Now, the Hazon Ish was extremely exacting with how he allotted his time, yet he asked a certain visitor (I forget the name Rav Dovid shared) to repeat for him again and again his take on an apparent discrepancy in the Biblical text. All of the Biblical tribes were summoned to the ancient war against Midian, 1,000 soldiers per tribe. Yet, the text records, 12,000 had to be mobilized against their will (Numbers 31:5-6). This was to their credit, since they knew that Moses would die when the war was over and they did not want to hasten his coming death by hurrying off to war.

But wait. There were 13 tribes, including Levi and the two sons of Joseph, so 1,000 soldiers per tribe should have yielded 13,000 soldiers, not 12,000. A discrepancy!

The Hazon Ish’s visitor offered this resolution: The tribe of Levi occupied a higher spiritual plane. It knew only what was required, so it served willingly, with complete selflessness, which means that only 12,000 were mobilized against their will. Which is why the Torah mentions only 12,000 mobilized soldiers.

“Meaning,” said Rav Dovid, closing in on the point, “you see the number 13 can be an exaggeration. It means more, a lot; not necessarily a specific number such as 1,000 more.”

This, I need to make it a point to remember. But not Rav Dovid’s tune; I do not need to remember that, for he hands me a CD with this tune and others he has composed, as well as with tunes “from the Ukraine.” He heard them in his youth and they would be lost forever if he did not record them, he says.

Promptly added on to the gift of the CD is Rav Dovid’s latest volume. 
 He is, he says, partly puzzled and partly joyed, “the busiest person I know.” (Recall, he is in his nineties.) He has published many volumes of commentary on the Torah, and he is now working on 13 more, “without exaggeration.”

The whole picture begins to emerge. This man who volunteers his time daily to the world also manages to compose tunes and write sacred tomes — and all this is not even his job! That is spiritual leader of Cong. Gevul Yaavetz in Brooklyn, for many decades now.

The whole picture? Not really. I would have to include so much more. For example, I would have to include Rav Dovid as the “go to” halachic authority for countless outreach rabbis with their knotty halachic issues.

I would have to include Rav Dovid’s keen interest in mental health and family issues. He has been a pioneer in applying Halachah to these areas, serving as the halachic authority for psychologists and Ohel Children’s Home.
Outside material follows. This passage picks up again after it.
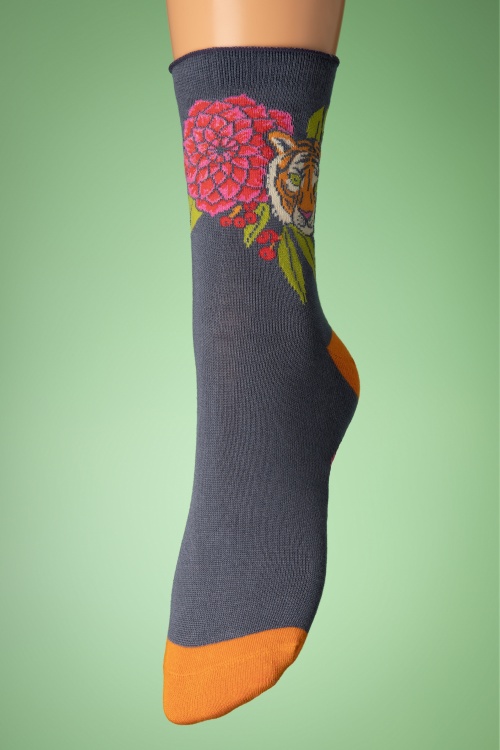 Powder - Florale Tiger Socken in Indigo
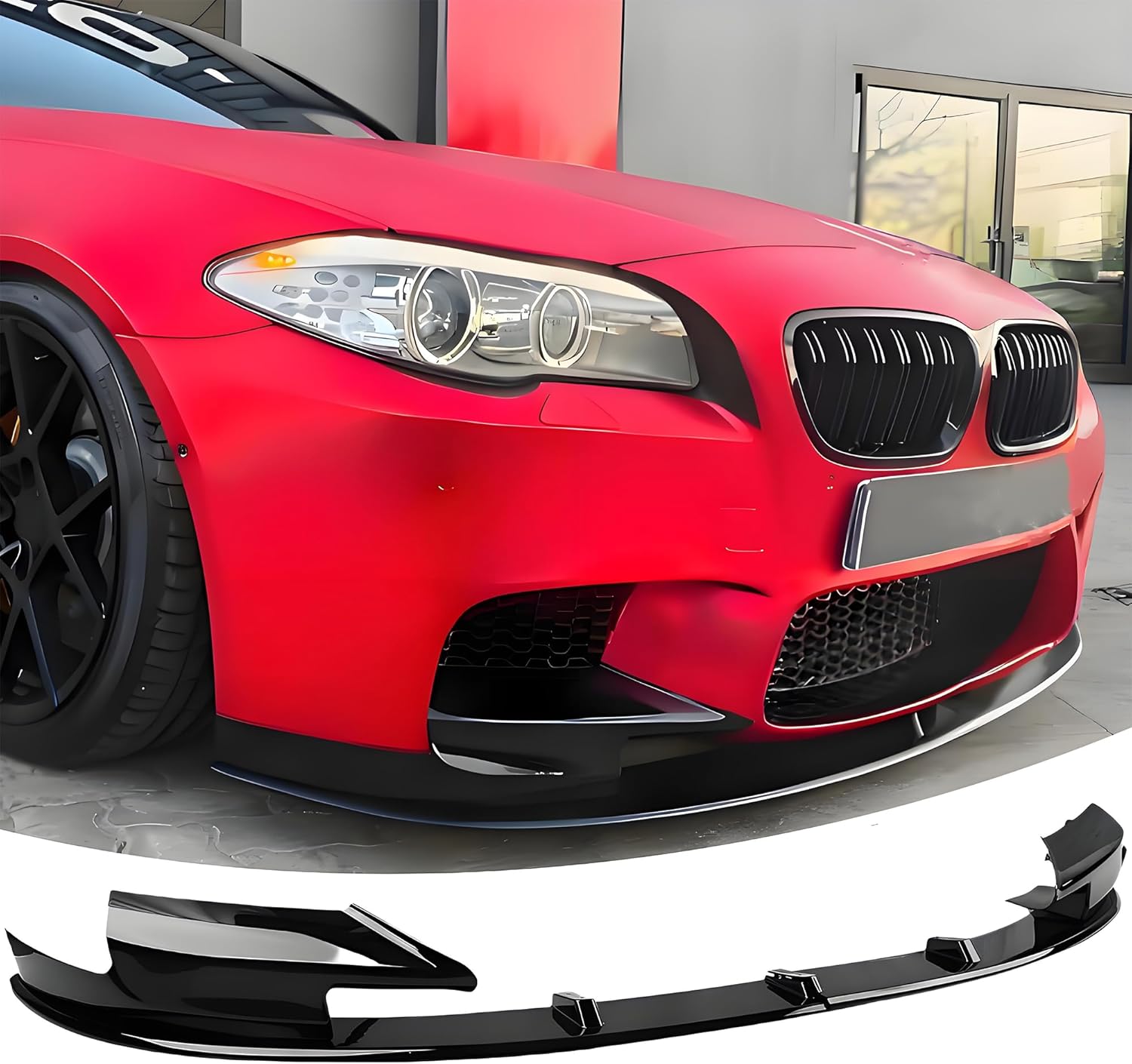 Front Bumper Lip Splitter Spoiler Compatible with BMW M5 F10M 2012 2013 2014 2015 2016 4pcs M Style Air Chin Body Kit Exterior Accessories （Glossy Black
Speaking of family, I would have to return to Rebbetzin Leah Cohen. People who are having trouble in their marriage could profitably spend five minutes with Rabbi and Rebbetzin Cohen. People not having trouble in their marriage could spend the same five minutes just to come away energized and uplifted.

Kind of like the rhythms of Rav Dovid’s niggun that keep ringing in the back of my head and like the ringing of his phones — the inner melodies and the outer melodies. Concentric circles. Symbols of the many wings of Torah — the canopies — of this treasure in our generation, Rav Dovid Cohen, may his years and health and those of Leah Cohen be extended to 120!